The Brigidine Sisters say they have had a marvellous year celebrating the 200th anniversary of their founding and a prayer garden just opened at Chanel College, Masterton, is ‘the icing on the cake’.
The Brigidines were founded in Ireland on 1 February 1807. Bishop Daniel Delany gathered together six women to form the nucleus of the new congregation dedicated to meeting the needs of the people by providing educational opportunities. St Brigid was their patroness. To mark the founding, Bishop Delany planted an oak sapling which has grown into a great tree.
So it is significant that the prayer garden which was opened at Chanel on 9 October is dominated by an oak tree which is now girded by a wooden seat.
Sr Monica told the gathering of Sisters, teachers, students, parents and friends of the Sisters’ gratitude to Chanel College principal, Jo Matthews, and her staff, ‘for dreaming up the wonderful idea’. She also thanked Margaret and Kelvin Biggs for the site suggestion, design plan and the layout of the rose gardens.
Kelvin said he hoped people would be drawn into the sacred area to sit on the seat. He was touched and honoured to be creating a special dwelling space for the God of all creation.
The Young Vinnies choir opened the dedication ceremony with a hymn and Sr Suzanne asked God to bless the garden and make it a place of peace.
Sr Maura unveiled a plaque marking the bicentenary and telling of the student DVD production team whose prize money paid for the garden’s construction.
The team won the competition which began the year of celebration with a rendering of the Brigidine story. They used animation, commentary, interview, documentary and drama.

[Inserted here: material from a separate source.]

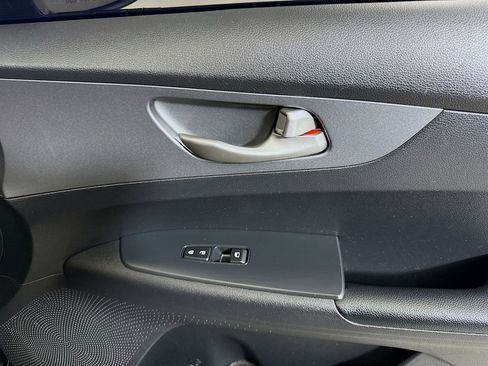 Used 2020 Kia Forte LXS FWD image 30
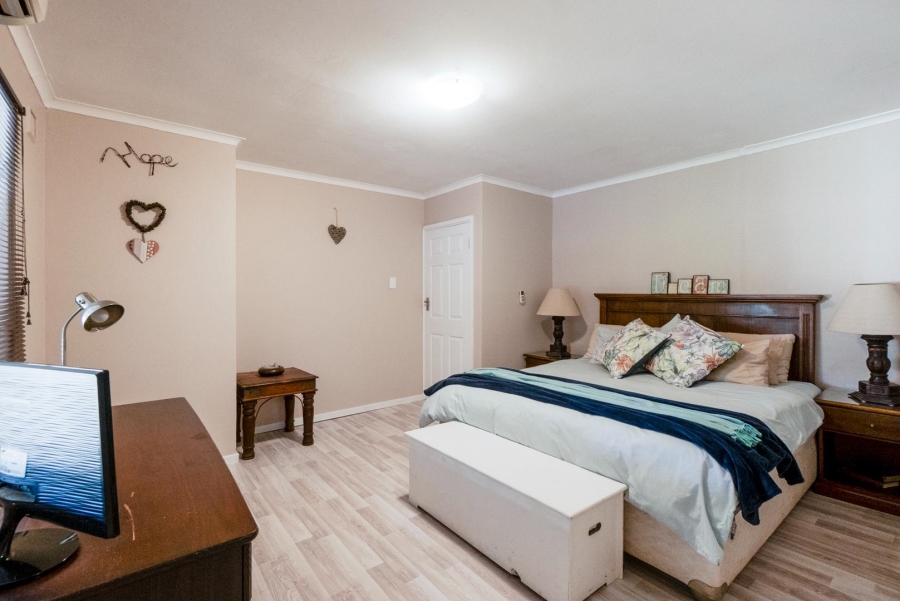 7 Bedroom Property for Sale in Amanzimtoti KwaZulu-Natal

During a liturgy on Catholic Schools’ Day in the Masterton Stadium, in the presence of 800 students, teachers, parents and Catholic Education representatives, the Sisters were presented with an oak tree sapling that was later planted in an established Oak Grove at Henley Lake. A plaque commemorates the occasion.
The Brigidines have taught thousands of children in the Wairarapa, Wellington, Kapiti, Manawatu and Auckland regions in the more than 90 years since the first group came to settle in Masterton in 1898. The Sisters stopped teaching in the 1990s.
Holy Family School, Porirua East, also performed a dramatisation of the Brigidine story on Catholic Schools Day, 2 May. This began with Brigid weaving her cross, the long sea journey of the pioneer Sisters from Ireland to Australia and later on to New Zealand and Porirua.
St Brigid’s School, Johnsonville, marked the bicentenary with a floor to ceiling mural in its foyer recording the school’s history from 1929. At the end of last term, the more than 150 children from St Francis Xavier School, Tawa, presented the Brigidine story in song, dance and drama to full house audiences at Bishop Viard College. St Brigid’s crosses have been etched in glass on two sides of the school’s new administration block.
St Mary’s, Carterton, has had mounted in wood on two outside walls, one-metre-square St Brigid’s crosses and St Patrick’s, Masterton, is planning to fix a large St Brigid’s cross on the north-facing wall of its school.
The St Bride’s Old Girls’ Association celebrates its reunion this weekend, 3 and 4 November, beginning with a Liturgy of Remembrance at the cemetery to honour the Brigidine Sisters who have laboured and died since 1898.
Pictures: Top: Brigidines supporters in the prayer garden at Chanel College.
Middle: The Vinnies choir entertain at the opening of the prayer garden.
Bottom: Two ‘Sisters’ in a dramatisation of the Brigidines’ founding in New Zealand by St Francis Xavier School, Tawa.